Somewhere around East 95th street, it came to me. How to best sum up the past six months. Before I knew it, my run was over, and a blog post was composed.
So here, for your reading satisfaction, in an homage to my amazingly talented and beautiful cousin Jena Friedman, writer extraordinaire for the Late Show with David Letterman, are the Top Ten Things I Learned While Training for the Pittsburgh Half Marathon:
10. Map My Run is the best website ever. I now know what landmark is exactly 1.5 miles from the front door of my apartment in every direction.

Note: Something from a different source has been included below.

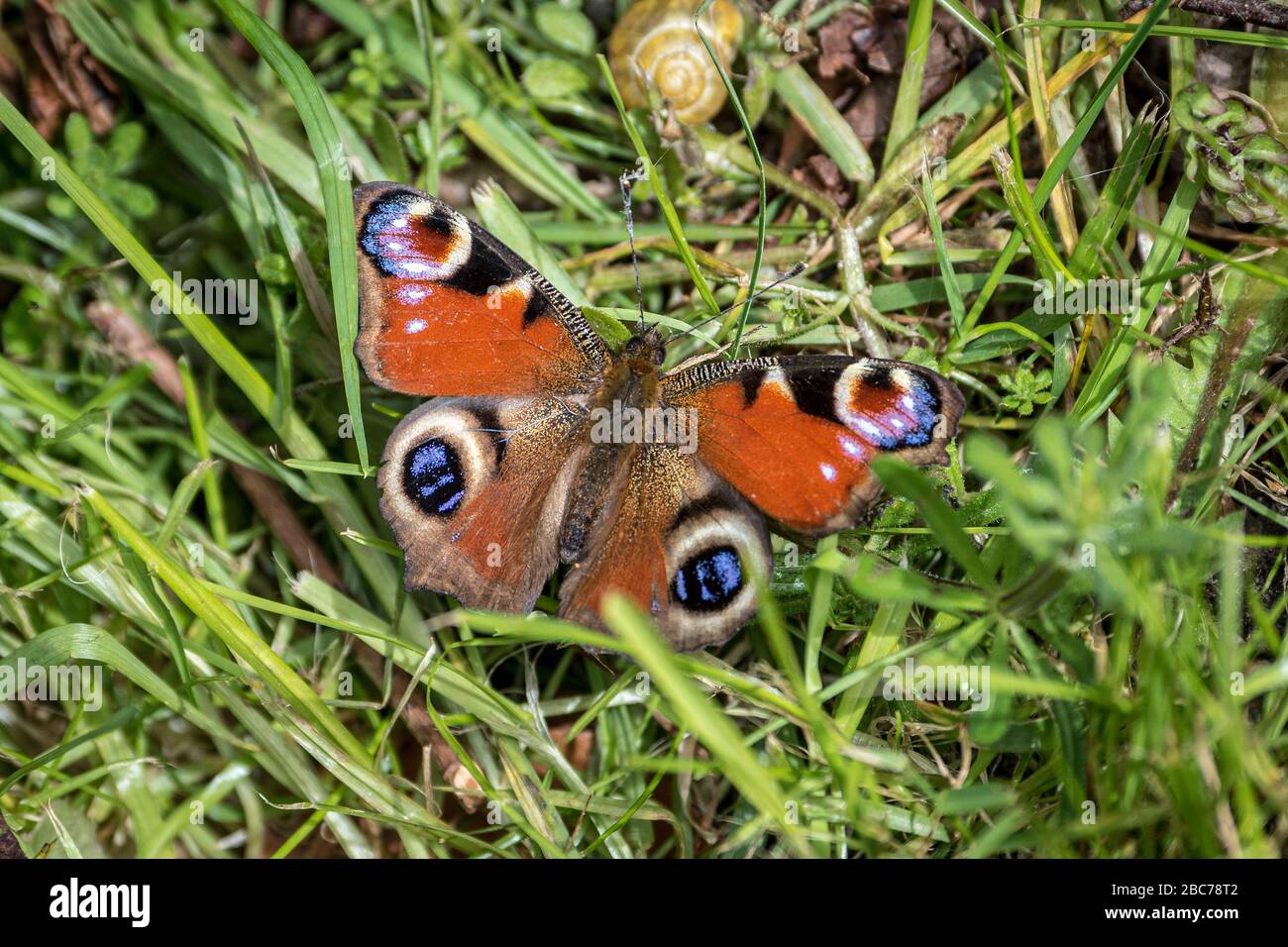 A Peacock butterfly. Stock Photo
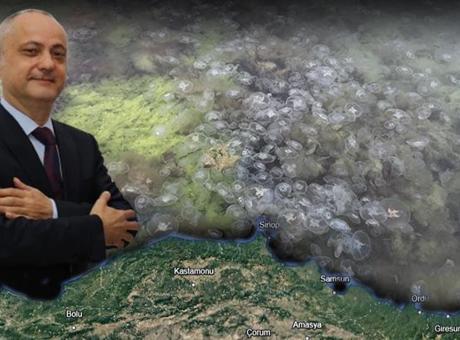 Sinop’u, Samsun’u denizanası sardı! Tuz detayını kimse bilmiyor: ‘Yemeye geldiler’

9. I get jealous of other runners. Even if I have already run that morning. Or even if it is a rest day. Seeing someone running instantly makes me want to don my gear and head for the park. Major change from my previous reaction of "ugh, that looks horrible, why would anyone want to do that?"

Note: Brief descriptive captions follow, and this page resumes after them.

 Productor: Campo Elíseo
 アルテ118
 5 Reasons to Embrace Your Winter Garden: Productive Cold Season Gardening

8. I do laundry just so I have clothes to run. I hate doing laundry. Loathe it. It is my absolute least favorite household chore. In law school I sometimes bought more underwear rather than do laundry. But since I started running, I find myself in the laundry room far more often than I used to be. Running clothes are way more expensive than new underwear.
7. Running requires a lot of gear. Handheld water bottle. Fuel belt. Foam roller. Running gloves. Running headband. Running hat. iPod. Headphones. Stopwatch. Not to mention t-shirts, long sleeve shirts, jackets, hoodies, shorts, tights, shoes, socks, and the like. And I kind of love it all.

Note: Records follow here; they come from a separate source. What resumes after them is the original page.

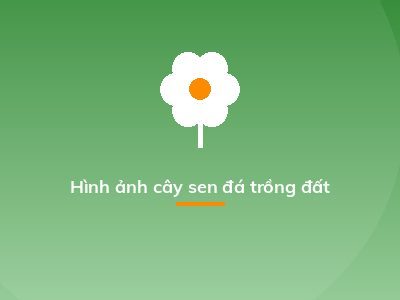 Hình ảnh cây sen đá trồng đất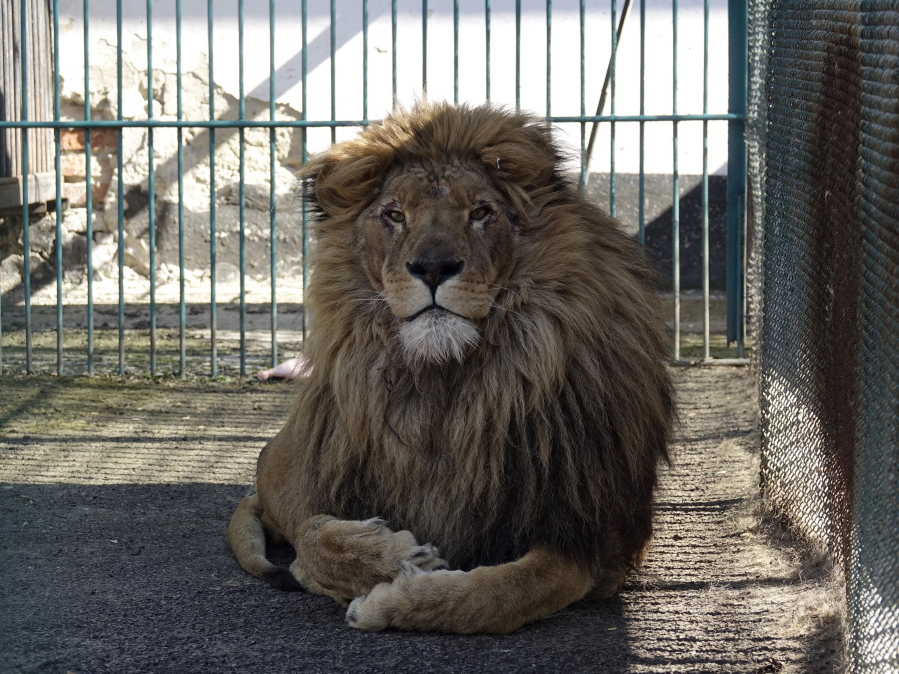 Adult male lion named Simba sits inside a cage at a zoo in Radauti, about 18 miles south of Romania's northern Siret border, on March 23. The lion and a wolf named Akyla have been evacuated from a zoo in war-torn Ukraine to safety in Romania in what an animal rights group says was a four-day mission "full of dangers" further hampered by bureaucracy at the border.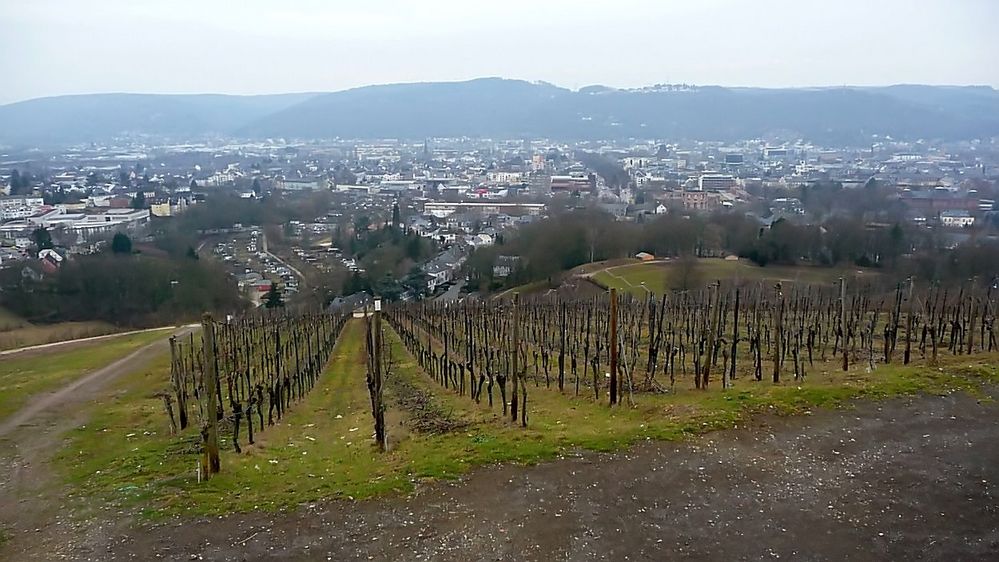 Teilpanorama von Trier 1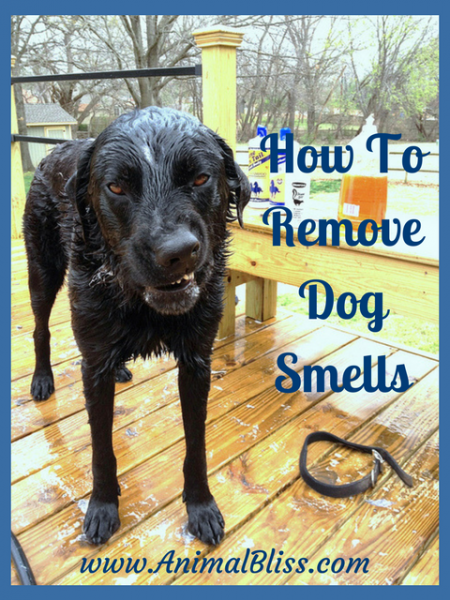 How To Remove Dog Smells : Solutions for a Happier Nose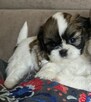 Urocza suczka Shih tzu ,zarezerwowana - 10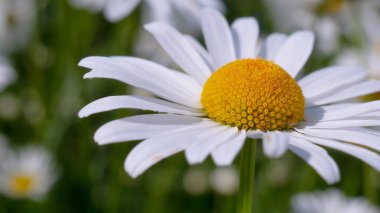 Yaz alanında chamomiles yakın çekim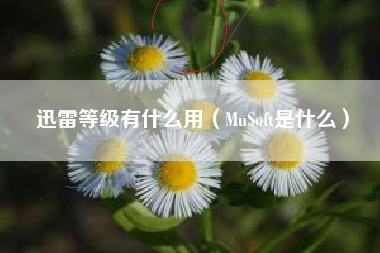 迅雷等级有什么用（MuSoft是什么）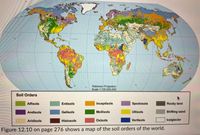 Robinson Projection
Scale 1:130,000,000
Soil Orders
Alfisols
Entisols
Inceptisols
Spodosols
Rocky land
Andisols
Gelisols
Mollisols
Ultisols
Shifting sand
Aridisols
Histosols
Oxisols
Vertisols
Icelglacier
Figure 12.10 on page 276 shows a map of the soil orders of the world.
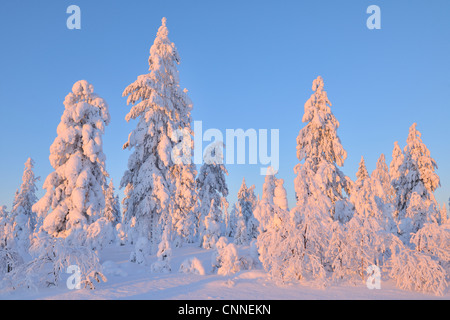 Kuusamo, Nordösterbotten, Provinz Oulu, Finnland Stockfoto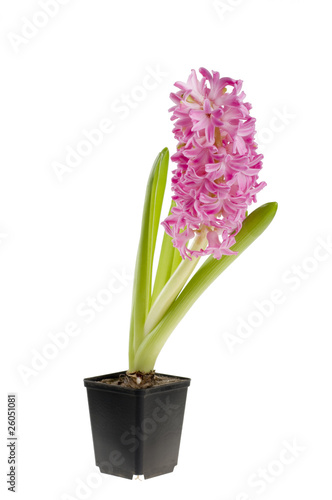 Beautiful spring flower of colour hyacinth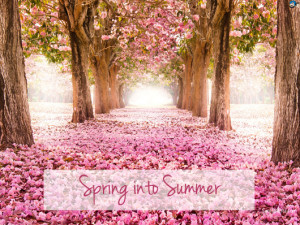 spring into summer beauty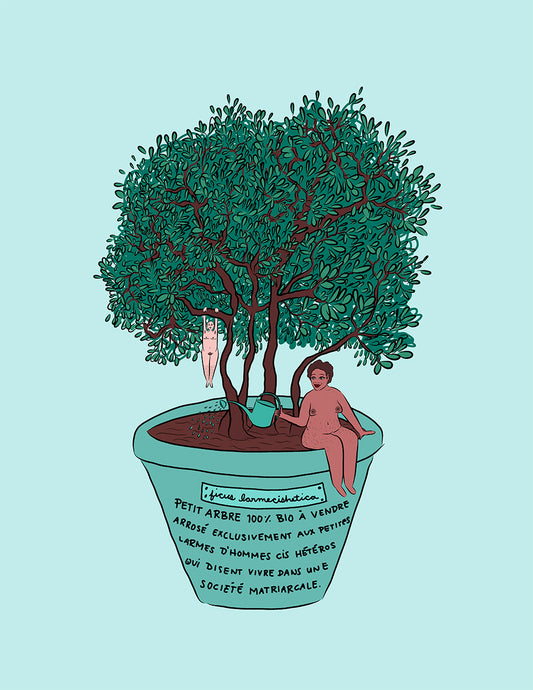 Ficus larmecishetica - Impression A4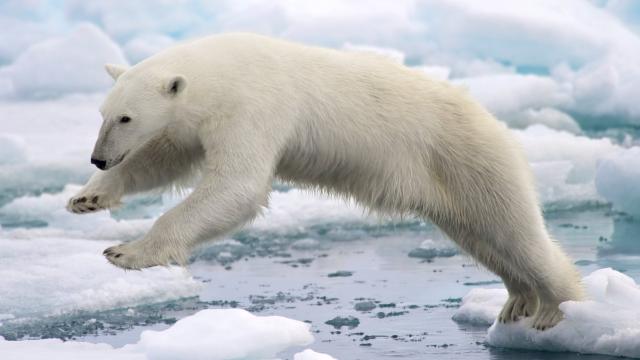 New Warming Fabric Imitates Polar Bear Fur to Capture Sunlight
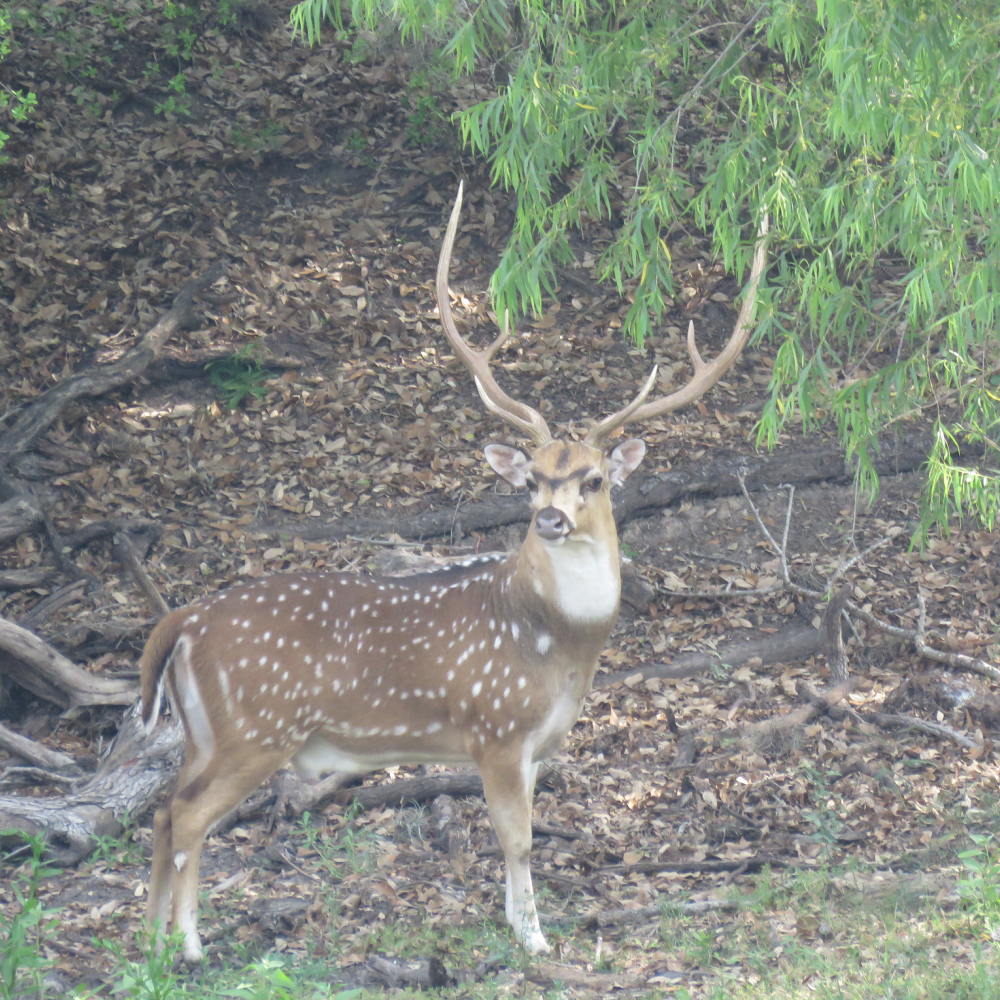 Lazy H Exotics Hunts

6. I love running in the morning. I have always been a morning person, but mostly a wake-up-early-and-drink-coffee-while-watching-the-news kind of person. Not a don-running-gear-and-head-to-the-park-for-a-3-mile-run kind of person. But I love it. Dearly. Unreasonably.
5. I am the kind of person runs on vacation. 5 miles in Tel Aviv. When I could have been sleeping. Or reading a book on our hotel room terrace overlooking the ocean. Or drinking coffee on the beach. Or any number of other things that don't involve physical movement of any kind.
4. I consider the aforementioned 5 miles a "short" run. I believe this lunacy needs no explanation.
3. I say "I'm never doing this again" and "I hate running" with stunning regularity, and mean it. At least once every time I hit the park.
2. Running in extreme weather is amazing. Seriously. My best runs have all been in weather I previously thought meant "stay home and watch tv. Or read. And have a snack. Do not attempt physical exercise of any kind. Even walking ten feet to the drug store is far too taxing." Heat wave. Bitter cold. Pouring rain. Blinding snow. Give me those over 65 and sunny any day. I understand this might make me a little crazy. Ok, a lot crazy.
1. I run in my dreams. No longer is my most common anxiety dream showing up for a test I haven't studied for, or leaving for the airport having not packed for a trip. I now dream about showing up late to the starting line. Or getting lost on the course. Or finishing the race dead last. Or starting the race and forgetting how to run.
So, there you have it. The culmination of six semi-insane, but superbly fun months. Friday morning, romance novels (I'll have the new book in Nora Robert's Boonsboro Inn Trilogy to help combat pre-race anxiety) and running shoes in hand, I head to Pittsburgh for the weekend. And Sunday morning, I'm (literally) off to the races.
I wonder how many blog posts I can write in my head in 13.1 miles? I think we're all about to find out.